### What is needed
Without including any images, output the listing below exactly.

### Supplied data
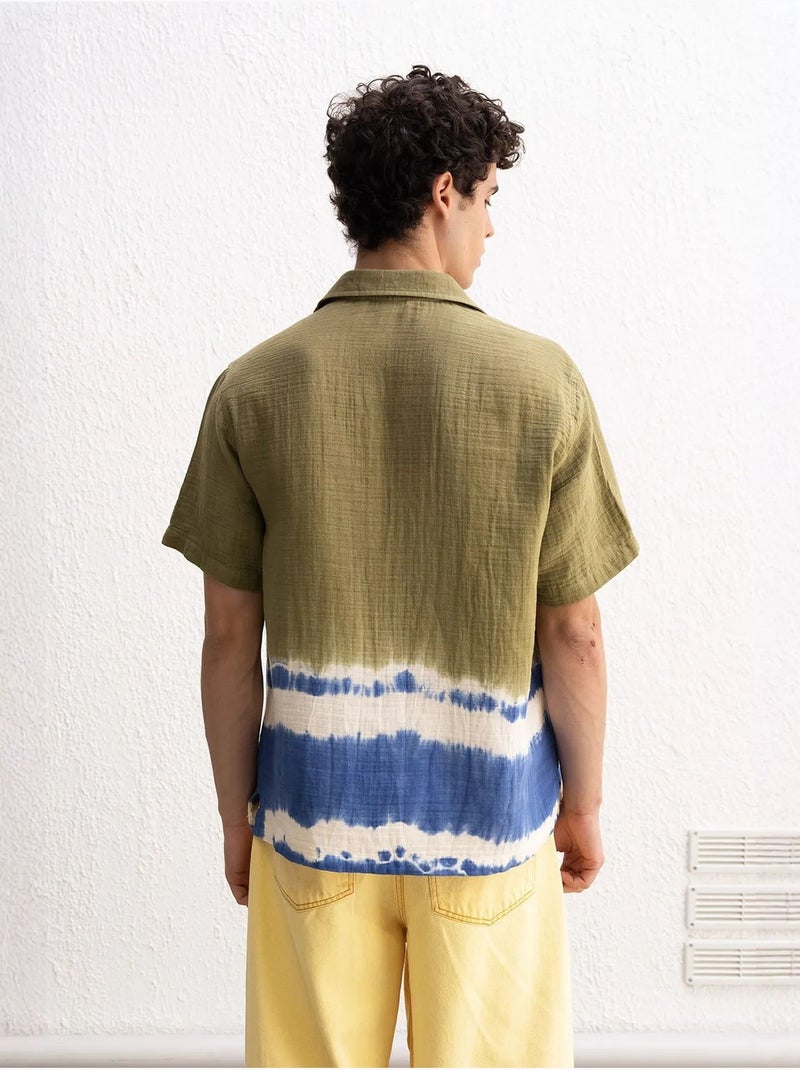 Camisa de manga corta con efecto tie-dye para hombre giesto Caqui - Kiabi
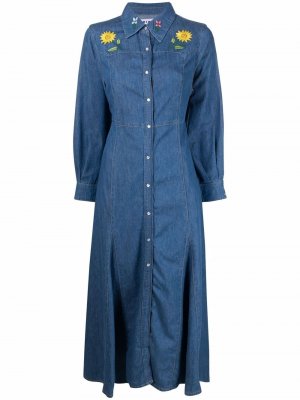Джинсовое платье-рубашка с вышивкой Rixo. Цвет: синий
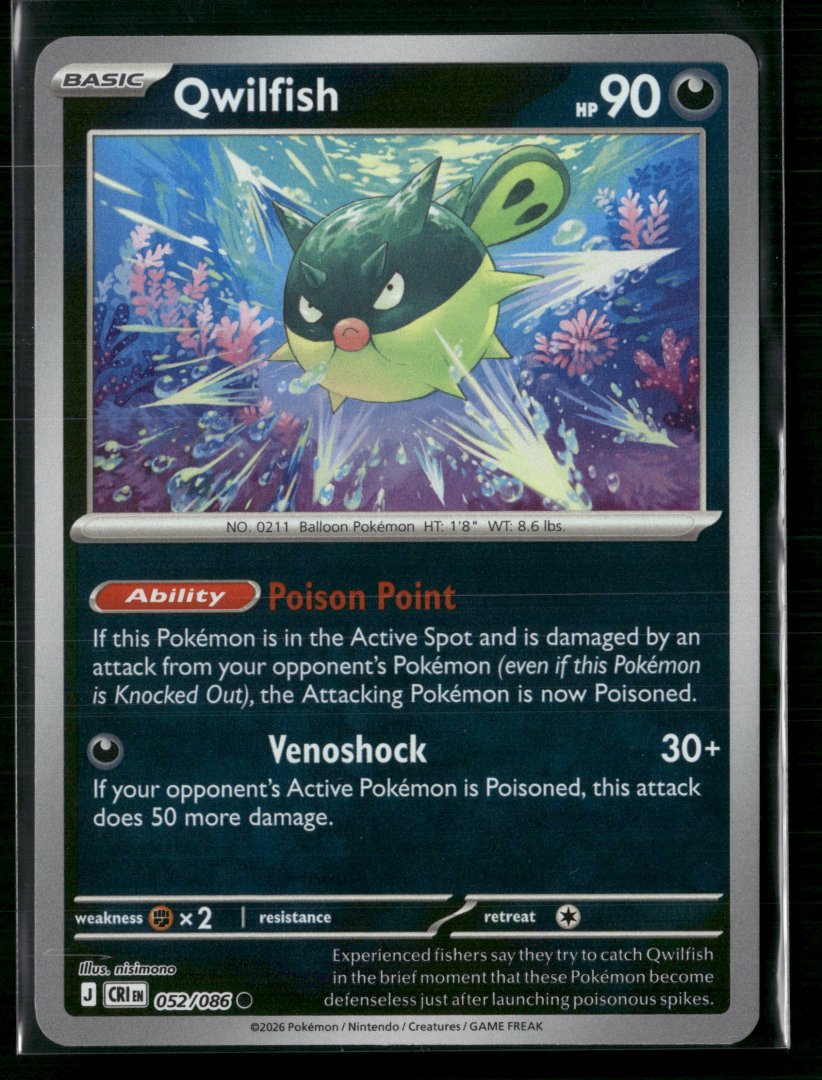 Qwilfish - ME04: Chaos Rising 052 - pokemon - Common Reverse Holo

### Response to this exercise
 Camisa de manga corta con efecto tie-dye para hombre giesto Caqui - Kiabi
Джинсовое платье-рубашка с вышивкой Rixo. Цвет: синий
 Qwilfish - ME04: Chaos Rising 052 - pokemon - Common Reverse Holo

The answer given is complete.